J’ouvre enfin les yeux. Je me sens tout drôle. Pas vraiment que je me sente mal, mais je sens étrangement... semblable à moi-même. -Semblable- Pas tout à fait identique, un peu à côté de la plaque, mais relativement conforme à ce que je pense être. J’ai la bouche tellement pâteuse que je me sens incapable de l’ouvrir. Je me sens libre aujourd’hui. Et je ne me suis jamais senti aussi nu. Je dois être si nu !

Devant moi un monochrome.

Un monochrome rosâtre troué, comme un immense masque. Il est curieux.

Ah j’en ai bouffé des monochromes dans ma vie, mais celui-là ! Hypnotisant comme un miroir. C’est viscéral, je l’ai dans la peau. J’ai du mal à détacher mon regard de cette grande surface qui m’est si familière. Peut-être que c’est ce qui me manque dans la vie, un monochrome. À vrai dire, c’est ces deux trous qui me fascinent. Je n’arrive plus à détacher mes yeux de ces deux points.

Je veux les voir de plus près. Ce qu’il se cache derrière. Je veux voir à travers, quel qu’en soit le prix. Quand bien même je devrais passer ma vie à regarder à travers ce masque immense, je le ferais.

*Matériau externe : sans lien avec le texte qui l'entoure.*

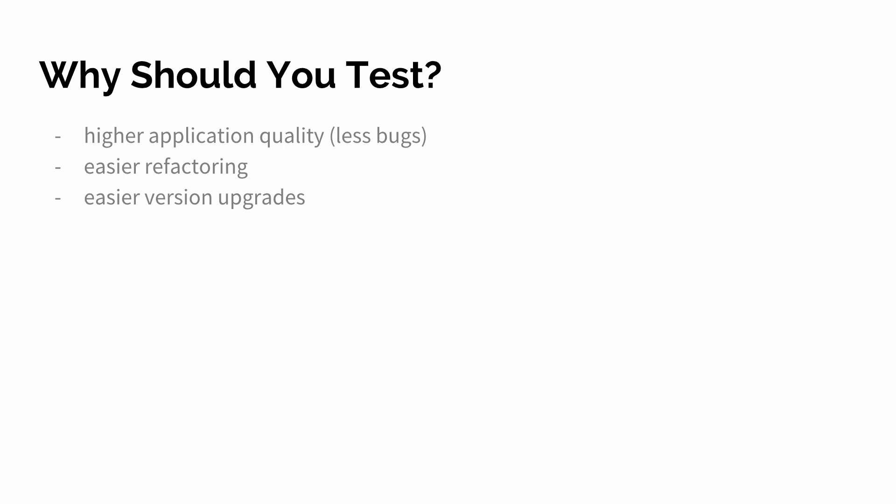Testing it manually wouldn't make sense. It would be way too time-consuming. And therefore we have automated tests which we can run and then assert that everything is still working as we expect it to be even after we refactor.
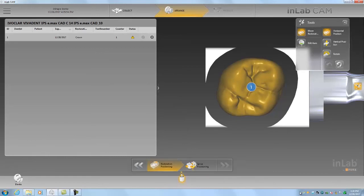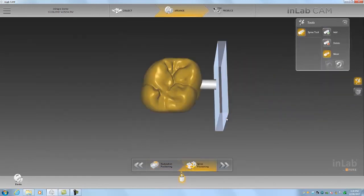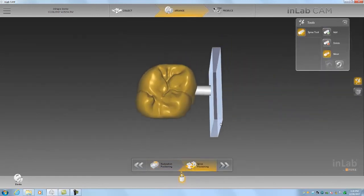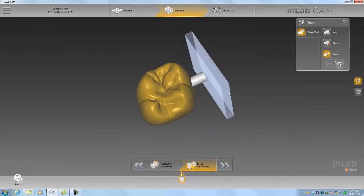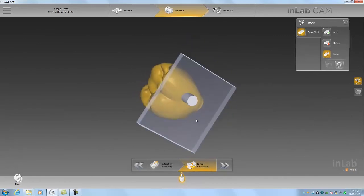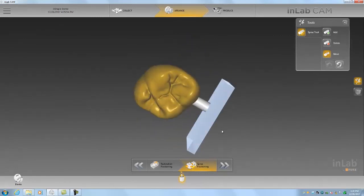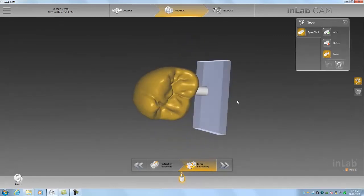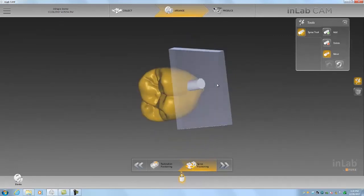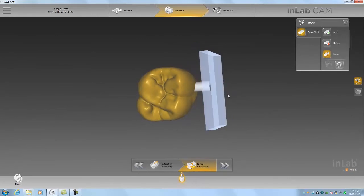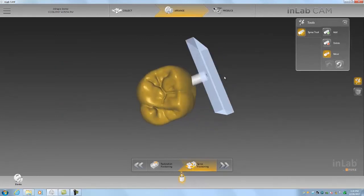You can see the CAM has also placed the sprue for us automatically. So we don't actually really need to do anything here. Let's see, we're okay with this, which looks good to me.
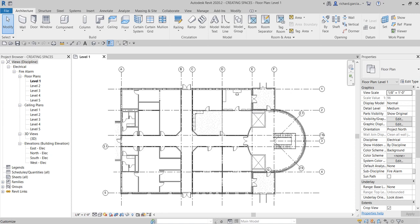Welcome back. In this video we are going to discuss the last part of setting up our project for our Revit fire alarm systems design. The topic for today is spaces. Spaces are used most of the time for the heating and cooling loads calculation of our building. We place spaces in all areas of the building model to store values that we use in performing heating and cooling load analysis.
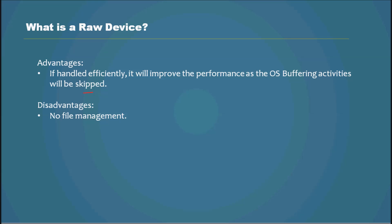In a typical environment, you may have applications running on top of OS which creates the file system and then it talks to the hard drive.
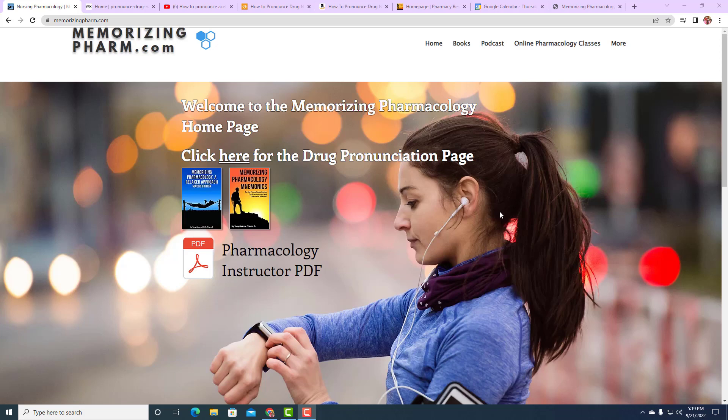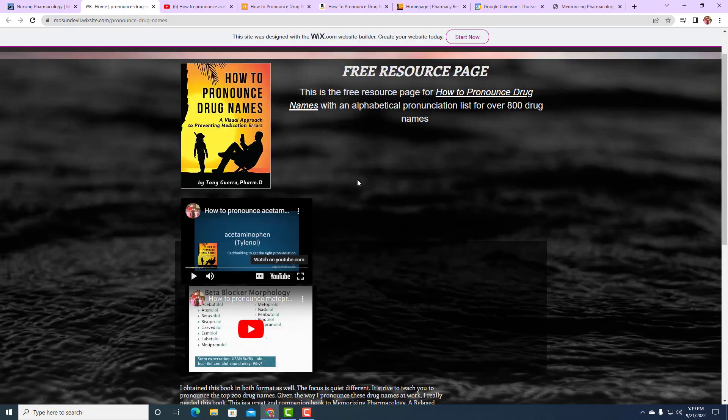Hey, welcome to Memorizing Pharmacology podcast. I got a lot of questions about drug pronunciation, so what I did was I put a link on my MemorizingPharm.com homepage. All you have to do is click on H-E-R-E where it says 'click here for drug pronunciation page' and it will take you to a page where I have 800 drug pronunciations.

Je cacherais ma nudité derrière ce masque. Je serais inatteignable, presque en sécurité. Sûrement trop en sécurité, un berceau, une cage, une prison sur mesure. Et quand cette geôle sera trop étriquée, je me livrerais à vous. Tout entier. Il ne faudra rien garder pour moi, tout dire. Jusque dans les moindres détails, je me liquéfierais de vérité, je serais plus nu que jamais. Je me détruirais dans ma confidence. De sorte que tout se reconstruise de lui-même.

Une auto-destruction à laisser le futur derrière soi, pour une auto-reconstruction de ma personne. Un auto-modelage de mes membres, une auto-sculpture de ma carrure, une auto-perforation des mes orifices, une auto-peinture des pigments de ma peau. Je serais alors devenu mon portrait autonome. Un auto-personnage de moi-même. L’auto-portrait d’un autre.